(What to do) Exact copy, no pictures: return all the records as they stand.

****************

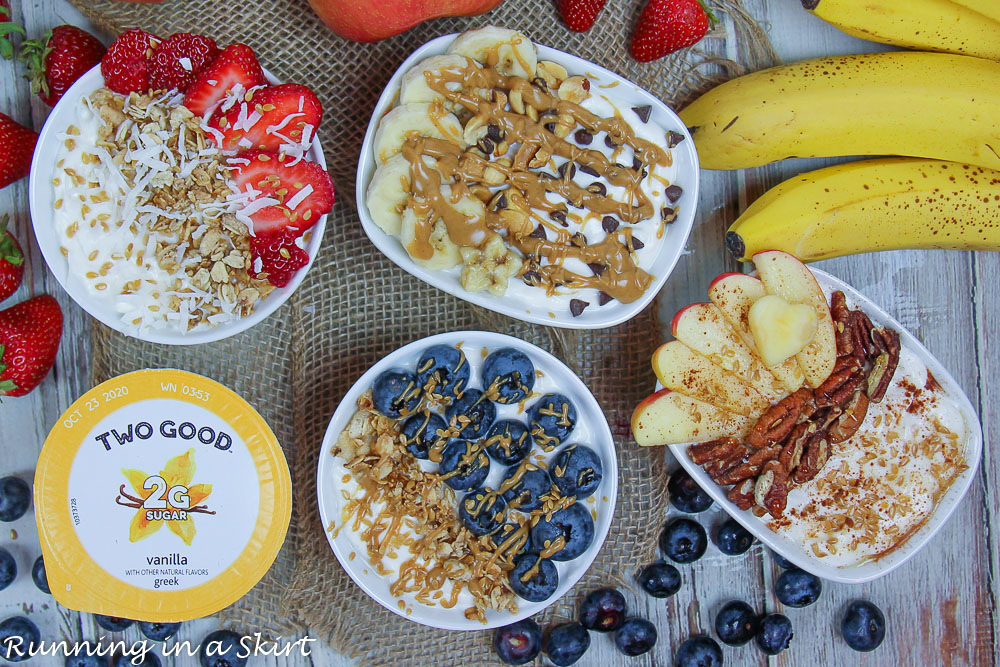 Greek yogurt bowl ideas with four greek yogurt bowls on a napkin with fruit.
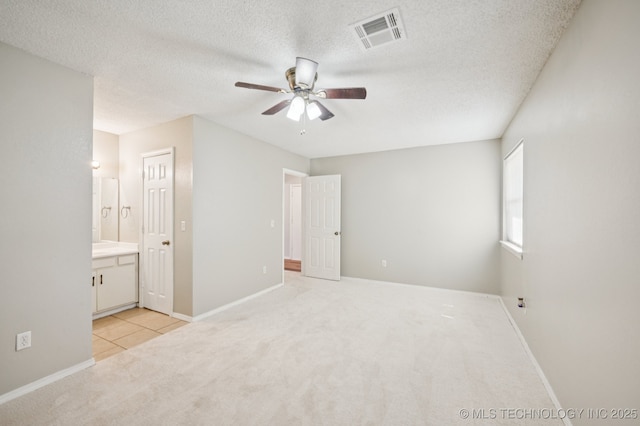 208 183rd E Ave, Tulsa, OK 74108 - unfurnished bedroom with light carpet, a textured ceiling, ensuite bath, ceiling fan, and light tile patterned floors
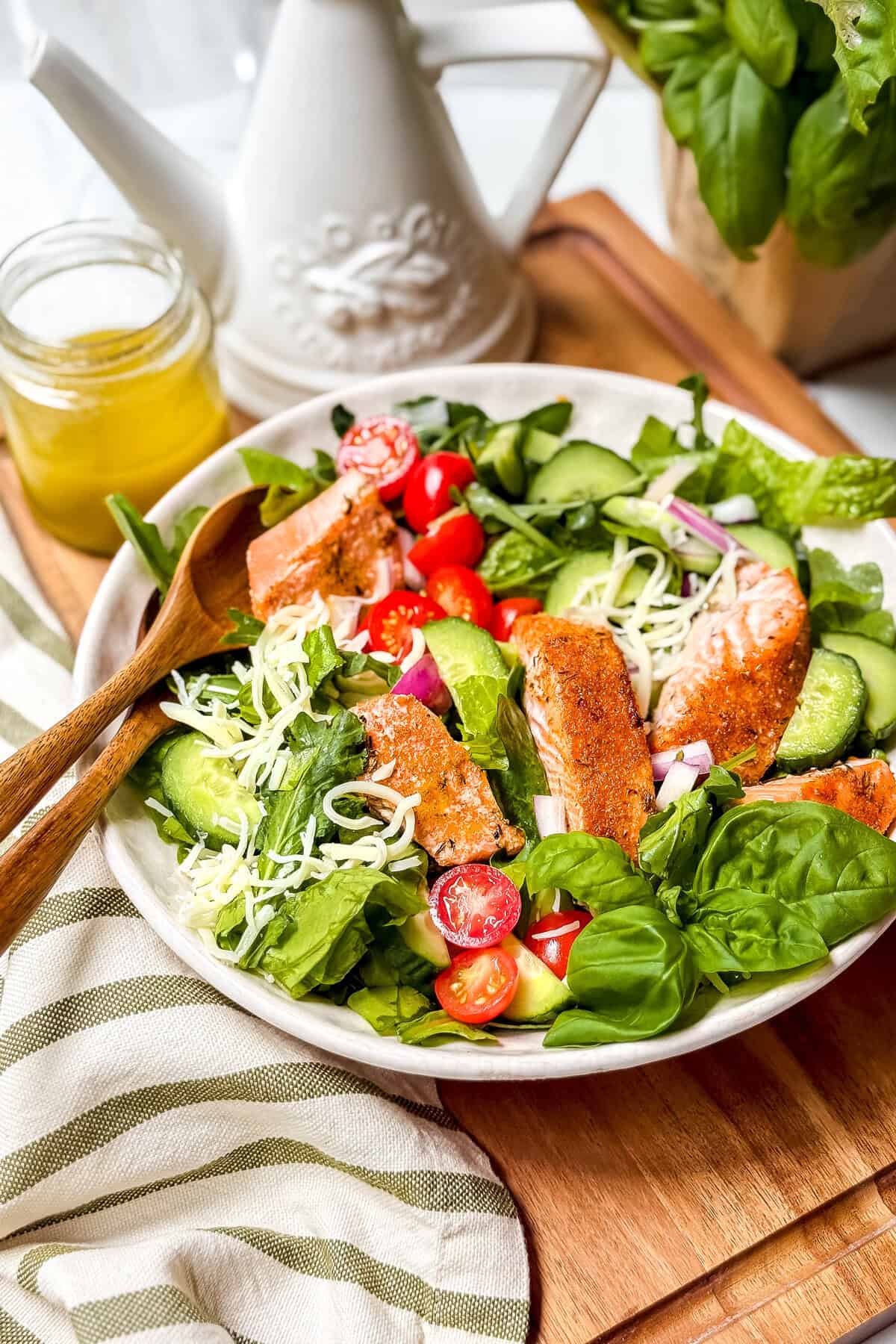 A fresh salmon salad with grilled salmon, cherry tomatoes, cucumber, shredded cheese, spinach, and mixed greens, served in a bowl with a wooden fork, next to a jar of dressing and a white oil dispenser.
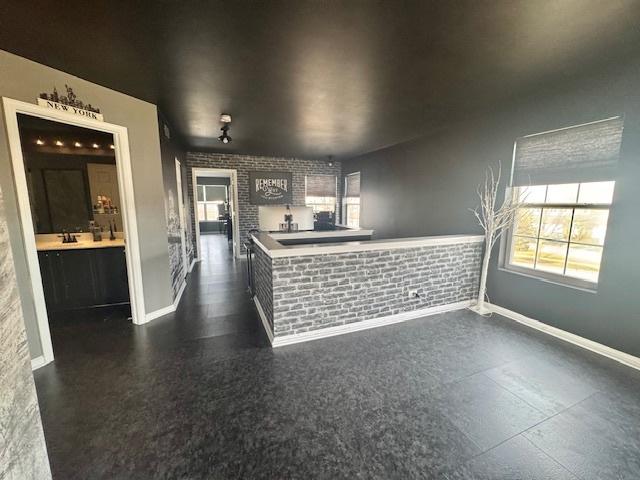 interior space with brick wall and sink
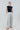 Double pinstripe high-waist wide-leg pants shown from the front, highlighting pleats and precise tailoring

****************

(Answer to this problem)
 Greek yogurt bowl ideas with four greek yogurt bowls on a napkin with fruit.
 208 183rd E Ave, Tulsa, OK 74108 - unfurnished bedroom with light carpet, a textured ceiling, ensuite bath, ceiling fan, and light tile patterned floors
 A fresh salmon salad with grilled salmon, cherry tomatoes, cucumber, shredded cheese, spinach, and mixed greens, served in a bowl with a wooden fork, next to a jar of dressing and a white oil dispenser.
 interior space with brick wall and sink
 Double pinstripe high-waist wide-leg pants shown from the front, highlighting pleats and precise tailoring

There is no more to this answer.